BEGIN GIVEN RECORDS
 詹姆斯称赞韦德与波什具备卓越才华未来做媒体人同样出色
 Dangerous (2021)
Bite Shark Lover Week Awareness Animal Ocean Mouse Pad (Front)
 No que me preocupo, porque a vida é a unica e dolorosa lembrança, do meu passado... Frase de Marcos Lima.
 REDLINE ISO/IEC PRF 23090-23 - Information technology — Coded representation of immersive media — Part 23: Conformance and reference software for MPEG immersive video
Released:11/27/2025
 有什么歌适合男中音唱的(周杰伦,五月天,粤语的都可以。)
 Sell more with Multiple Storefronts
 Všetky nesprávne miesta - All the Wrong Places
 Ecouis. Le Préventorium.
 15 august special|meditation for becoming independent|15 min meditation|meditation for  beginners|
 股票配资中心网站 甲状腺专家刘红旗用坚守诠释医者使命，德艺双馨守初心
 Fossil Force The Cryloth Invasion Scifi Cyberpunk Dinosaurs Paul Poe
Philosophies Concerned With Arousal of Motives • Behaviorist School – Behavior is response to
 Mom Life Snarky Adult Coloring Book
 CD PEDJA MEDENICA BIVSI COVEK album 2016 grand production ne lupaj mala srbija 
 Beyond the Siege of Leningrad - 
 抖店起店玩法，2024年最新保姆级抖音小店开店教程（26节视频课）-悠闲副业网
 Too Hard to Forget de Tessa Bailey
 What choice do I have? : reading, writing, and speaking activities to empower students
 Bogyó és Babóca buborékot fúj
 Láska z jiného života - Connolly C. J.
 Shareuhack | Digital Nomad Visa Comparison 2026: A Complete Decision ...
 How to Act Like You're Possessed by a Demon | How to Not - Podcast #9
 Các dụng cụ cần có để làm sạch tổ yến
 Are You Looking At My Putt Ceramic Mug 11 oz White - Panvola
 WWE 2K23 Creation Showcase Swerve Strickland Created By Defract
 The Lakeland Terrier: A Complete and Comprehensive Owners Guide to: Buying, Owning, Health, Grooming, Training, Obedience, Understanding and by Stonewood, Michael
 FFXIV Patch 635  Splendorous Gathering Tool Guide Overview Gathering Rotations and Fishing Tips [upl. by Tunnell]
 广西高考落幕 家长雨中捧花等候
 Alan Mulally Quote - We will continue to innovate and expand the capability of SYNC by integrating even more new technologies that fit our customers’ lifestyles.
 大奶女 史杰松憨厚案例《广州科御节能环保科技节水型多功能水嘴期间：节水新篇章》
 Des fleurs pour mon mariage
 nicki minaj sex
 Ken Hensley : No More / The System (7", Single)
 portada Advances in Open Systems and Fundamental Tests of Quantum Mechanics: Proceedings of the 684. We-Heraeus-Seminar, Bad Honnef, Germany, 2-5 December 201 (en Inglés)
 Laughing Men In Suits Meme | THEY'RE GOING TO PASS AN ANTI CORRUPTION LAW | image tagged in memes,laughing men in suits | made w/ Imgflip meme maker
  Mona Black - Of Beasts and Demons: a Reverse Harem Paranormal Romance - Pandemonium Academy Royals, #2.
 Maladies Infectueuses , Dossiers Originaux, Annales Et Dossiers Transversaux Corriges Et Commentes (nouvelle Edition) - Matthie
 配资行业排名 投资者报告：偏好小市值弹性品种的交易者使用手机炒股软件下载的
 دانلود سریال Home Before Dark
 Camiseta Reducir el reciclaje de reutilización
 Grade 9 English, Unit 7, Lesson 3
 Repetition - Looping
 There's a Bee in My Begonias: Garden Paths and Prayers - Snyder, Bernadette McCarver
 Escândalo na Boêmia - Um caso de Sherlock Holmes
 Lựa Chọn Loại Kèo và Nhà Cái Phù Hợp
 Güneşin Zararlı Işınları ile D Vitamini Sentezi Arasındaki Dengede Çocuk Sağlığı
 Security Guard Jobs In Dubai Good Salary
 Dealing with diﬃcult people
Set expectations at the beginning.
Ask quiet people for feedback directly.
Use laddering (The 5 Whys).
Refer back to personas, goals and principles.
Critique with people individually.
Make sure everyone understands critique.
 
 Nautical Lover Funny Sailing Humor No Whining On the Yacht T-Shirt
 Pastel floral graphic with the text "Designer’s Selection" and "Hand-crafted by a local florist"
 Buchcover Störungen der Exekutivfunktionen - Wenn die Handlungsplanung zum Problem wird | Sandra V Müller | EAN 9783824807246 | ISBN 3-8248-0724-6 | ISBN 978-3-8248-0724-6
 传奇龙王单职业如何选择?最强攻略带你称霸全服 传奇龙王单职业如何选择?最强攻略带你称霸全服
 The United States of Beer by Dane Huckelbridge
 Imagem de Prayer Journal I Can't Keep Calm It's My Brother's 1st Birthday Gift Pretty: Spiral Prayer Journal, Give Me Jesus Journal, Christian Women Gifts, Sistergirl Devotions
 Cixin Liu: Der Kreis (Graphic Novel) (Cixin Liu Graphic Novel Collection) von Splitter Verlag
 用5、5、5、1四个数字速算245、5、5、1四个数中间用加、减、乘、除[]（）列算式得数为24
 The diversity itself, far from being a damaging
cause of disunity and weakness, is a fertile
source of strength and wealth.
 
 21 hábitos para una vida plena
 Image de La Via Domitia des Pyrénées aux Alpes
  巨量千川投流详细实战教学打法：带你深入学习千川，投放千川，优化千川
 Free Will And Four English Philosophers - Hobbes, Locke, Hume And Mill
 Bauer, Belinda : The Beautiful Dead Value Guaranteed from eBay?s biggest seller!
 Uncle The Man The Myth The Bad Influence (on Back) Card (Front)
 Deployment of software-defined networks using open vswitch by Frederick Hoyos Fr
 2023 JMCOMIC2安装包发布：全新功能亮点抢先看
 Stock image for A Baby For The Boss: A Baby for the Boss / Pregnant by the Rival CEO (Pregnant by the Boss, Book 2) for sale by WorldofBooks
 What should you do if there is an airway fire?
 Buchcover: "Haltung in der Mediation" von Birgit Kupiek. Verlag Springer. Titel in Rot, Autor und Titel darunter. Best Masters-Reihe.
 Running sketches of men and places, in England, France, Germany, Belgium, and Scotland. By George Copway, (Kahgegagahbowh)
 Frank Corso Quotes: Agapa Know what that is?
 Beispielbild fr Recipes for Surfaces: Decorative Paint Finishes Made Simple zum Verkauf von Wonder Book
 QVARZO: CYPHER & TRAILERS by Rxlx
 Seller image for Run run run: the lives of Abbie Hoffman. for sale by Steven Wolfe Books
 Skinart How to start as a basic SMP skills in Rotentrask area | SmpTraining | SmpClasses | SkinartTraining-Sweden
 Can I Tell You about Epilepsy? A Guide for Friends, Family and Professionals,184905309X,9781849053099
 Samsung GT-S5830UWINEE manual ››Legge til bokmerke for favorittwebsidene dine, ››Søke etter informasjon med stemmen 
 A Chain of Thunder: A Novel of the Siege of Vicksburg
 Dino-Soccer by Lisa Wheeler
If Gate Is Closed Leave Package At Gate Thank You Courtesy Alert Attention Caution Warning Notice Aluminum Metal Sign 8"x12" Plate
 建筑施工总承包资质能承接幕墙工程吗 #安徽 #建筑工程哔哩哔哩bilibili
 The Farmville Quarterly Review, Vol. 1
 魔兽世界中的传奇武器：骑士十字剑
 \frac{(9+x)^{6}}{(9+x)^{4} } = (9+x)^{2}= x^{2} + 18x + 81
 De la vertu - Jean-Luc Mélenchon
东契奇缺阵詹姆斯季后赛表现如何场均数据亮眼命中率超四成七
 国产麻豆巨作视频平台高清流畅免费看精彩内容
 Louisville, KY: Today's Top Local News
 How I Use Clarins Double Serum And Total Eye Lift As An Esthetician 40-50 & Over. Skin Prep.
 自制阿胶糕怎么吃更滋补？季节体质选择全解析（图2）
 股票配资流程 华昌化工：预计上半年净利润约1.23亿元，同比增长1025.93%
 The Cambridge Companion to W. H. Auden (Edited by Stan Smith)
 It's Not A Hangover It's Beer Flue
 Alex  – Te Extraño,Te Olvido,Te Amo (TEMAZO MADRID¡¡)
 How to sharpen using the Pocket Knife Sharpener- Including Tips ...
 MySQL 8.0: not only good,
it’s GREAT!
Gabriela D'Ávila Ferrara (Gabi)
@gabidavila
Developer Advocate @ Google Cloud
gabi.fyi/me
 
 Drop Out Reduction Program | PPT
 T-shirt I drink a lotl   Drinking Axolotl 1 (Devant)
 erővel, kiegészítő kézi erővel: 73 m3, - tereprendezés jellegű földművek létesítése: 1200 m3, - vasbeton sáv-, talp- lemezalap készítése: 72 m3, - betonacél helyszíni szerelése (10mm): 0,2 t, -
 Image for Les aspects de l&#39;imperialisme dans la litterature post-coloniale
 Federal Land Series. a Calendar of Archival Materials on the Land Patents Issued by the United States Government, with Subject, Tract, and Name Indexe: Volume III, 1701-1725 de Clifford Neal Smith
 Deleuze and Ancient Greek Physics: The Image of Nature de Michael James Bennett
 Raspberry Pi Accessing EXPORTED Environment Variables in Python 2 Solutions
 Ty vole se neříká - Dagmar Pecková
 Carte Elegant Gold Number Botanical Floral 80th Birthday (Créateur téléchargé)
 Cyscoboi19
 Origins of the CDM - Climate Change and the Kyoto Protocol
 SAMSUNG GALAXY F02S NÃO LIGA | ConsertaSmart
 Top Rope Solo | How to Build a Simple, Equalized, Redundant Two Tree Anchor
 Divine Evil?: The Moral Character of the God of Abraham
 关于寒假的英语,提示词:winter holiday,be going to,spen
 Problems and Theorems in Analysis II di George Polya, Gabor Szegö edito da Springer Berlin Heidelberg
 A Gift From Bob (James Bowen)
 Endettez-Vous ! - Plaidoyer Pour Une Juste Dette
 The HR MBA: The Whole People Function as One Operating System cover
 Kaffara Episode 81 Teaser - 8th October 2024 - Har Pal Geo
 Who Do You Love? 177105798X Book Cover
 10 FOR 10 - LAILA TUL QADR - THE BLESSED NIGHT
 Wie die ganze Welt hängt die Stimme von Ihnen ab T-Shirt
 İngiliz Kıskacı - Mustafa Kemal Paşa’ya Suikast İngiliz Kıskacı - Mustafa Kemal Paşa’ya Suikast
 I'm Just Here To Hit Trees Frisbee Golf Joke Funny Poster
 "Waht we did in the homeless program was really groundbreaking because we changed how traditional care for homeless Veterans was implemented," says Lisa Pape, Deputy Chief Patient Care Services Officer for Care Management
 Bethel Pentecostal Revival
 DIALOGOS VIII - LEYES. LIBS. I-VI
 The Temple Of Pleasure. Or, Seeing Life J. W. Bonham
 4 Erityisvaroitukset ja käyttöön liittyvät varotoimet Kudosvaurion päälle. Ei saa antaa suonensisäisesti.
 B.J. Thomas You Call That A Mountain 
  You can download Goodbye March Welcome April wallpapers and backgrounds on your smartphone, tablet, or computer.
END GIVEN RECORDS
Copy the stretch of the records above that runs from the line with "巨量千川投流详细实战教学打法：带你深入学习千川，投放千川，优化千川" through the line with "Stock image for". Both end lines belong in the copy, and nothing else does.

  巨量千川投流详细实战教学打法：带你深入学习千川，投放千川，优化千川
 Free Will And Four English Philosophers - Hobbes, Locke, Hume And Mill
 Bauer, Belinda : The Beautiful Dead Value Guaranteed from eBay?s biggest seller!
 Uncle The Man The Myth The Bad Influence (on Back) Card (Front)
 Deployment of software-defined networks using open vswitch by Frederick Hoyos Fr
 2023 JMCOMIC2安装包发布：全新功能亮点抢先看
 Stock image for A Baby For The Boss: A Baby for the Boss / Pregnant by the Rival CEO (Pregnant by the Boss, Book 2) for sale by WorldofBooks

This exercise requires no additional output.